[The problem]: For this exercise, return only the lines in the records below from the one holding "a view of a lake with houses in the back" through the one holding "ANTIQUE BRASS ANSONIA", including both, exactly as they appear and without pictures.

[Material for this task]:
◆ ◆ ◆ ◆ ◆ ◆ ◆

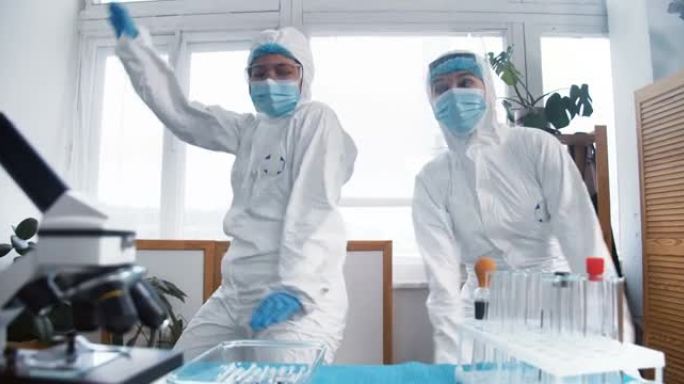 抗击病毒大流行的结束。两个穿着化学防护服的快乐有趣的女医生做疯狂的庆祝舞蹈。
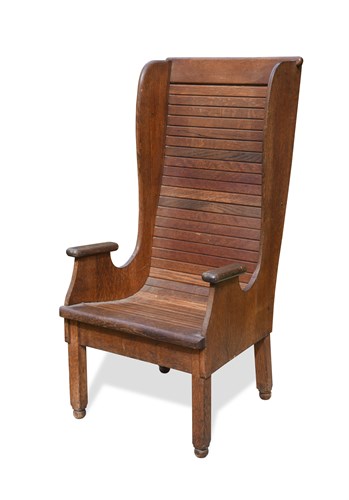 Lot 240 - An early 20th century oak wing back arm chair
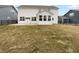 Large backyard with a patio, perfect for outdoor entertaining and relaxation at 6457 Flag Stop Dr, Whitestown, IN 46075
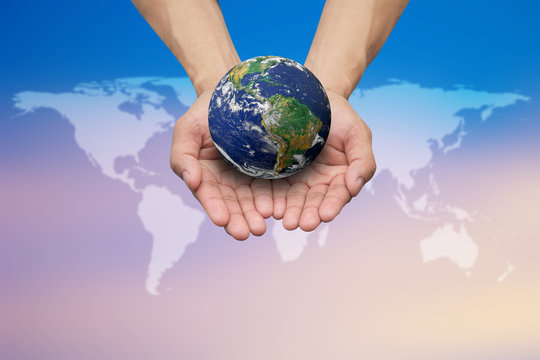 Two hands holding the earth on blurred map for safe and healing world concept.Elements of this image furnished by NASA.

◆ ◆ ◆ ◆ ◆ ◆ ◆

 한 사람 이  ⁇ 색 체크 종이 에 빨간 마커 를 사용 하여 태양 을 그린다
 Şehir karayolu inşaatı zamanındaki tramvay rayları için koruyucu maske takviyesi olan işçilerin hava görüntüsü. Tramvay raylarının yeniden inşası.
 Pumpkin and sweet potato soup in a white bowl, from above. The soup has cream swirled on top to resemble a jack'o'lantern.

◆ ◆ ◆ ◆ ◆ ◆ ◆

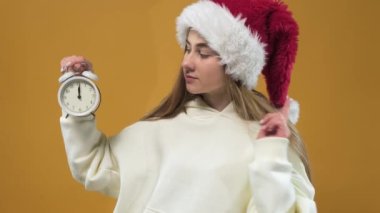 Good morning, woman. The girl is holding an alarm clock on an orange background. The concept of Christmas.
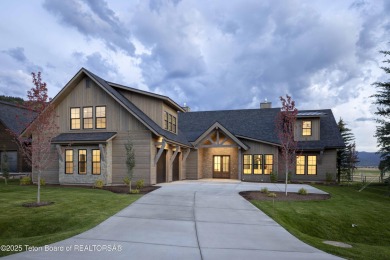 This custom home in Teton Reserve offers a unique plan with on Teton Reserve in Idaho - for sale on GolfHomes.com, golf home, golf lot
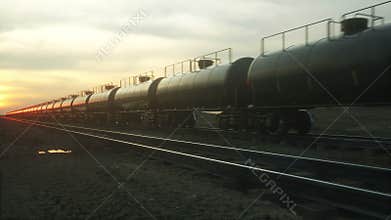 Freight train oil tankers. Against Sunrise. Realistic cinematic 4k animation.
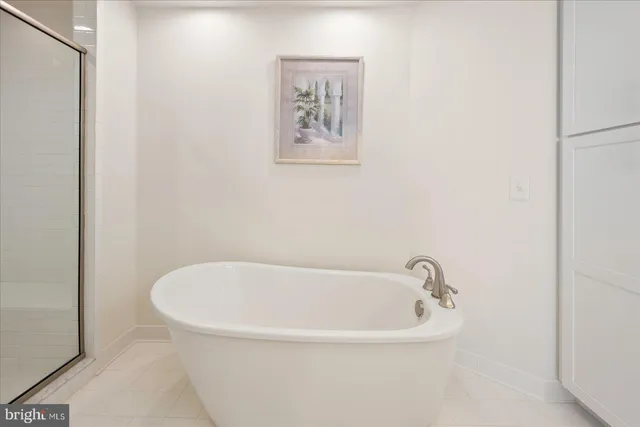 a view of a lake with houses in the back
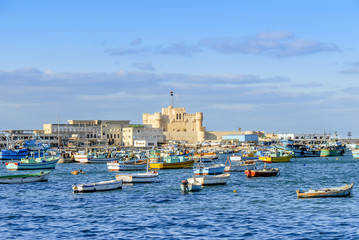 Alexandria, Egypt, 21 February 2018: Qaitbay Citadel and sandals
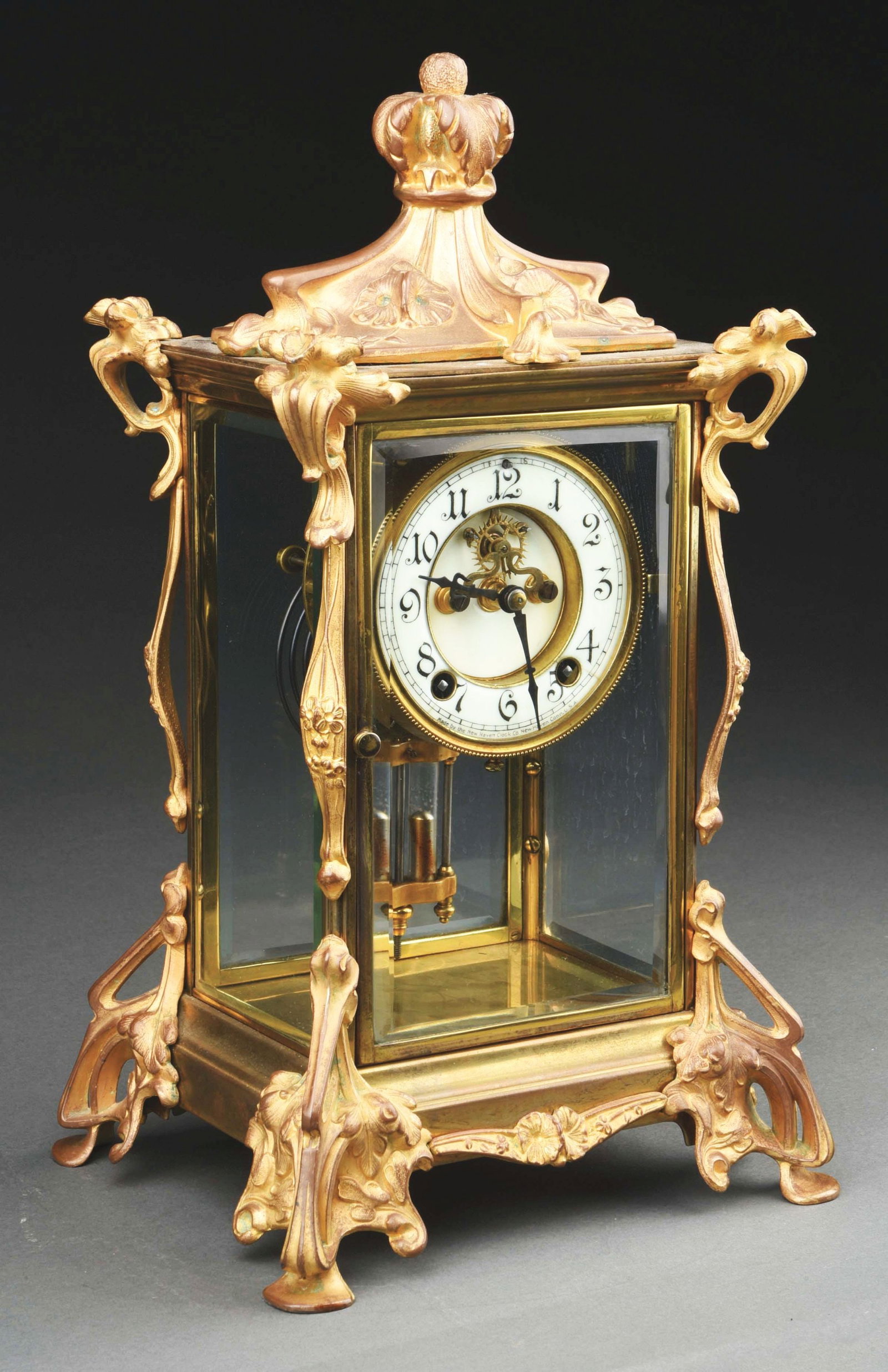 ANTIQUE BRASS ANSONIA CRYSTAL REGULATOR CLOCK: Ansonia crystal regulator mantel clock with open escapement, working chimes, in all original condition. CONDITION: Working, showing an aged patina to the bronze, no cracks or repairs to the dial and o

◆ ◆ ◆ ◆ ◆ ◆ ◆

[Answer box]:
 a view of a lake with houses in the back
 Alexandria, Egypt, 21 February 2018: Qaitbay Citadel and sandals
 ANTIQUE BRASS ANSONIA CRYSTAL REGULATOR CLOCK: Ansonia crystal regulator mantel clock with open escapement, working chimes, in all original condition. CONDITION: Working, showing an aged patina to the bronze, no cracks or repairs to the dial and o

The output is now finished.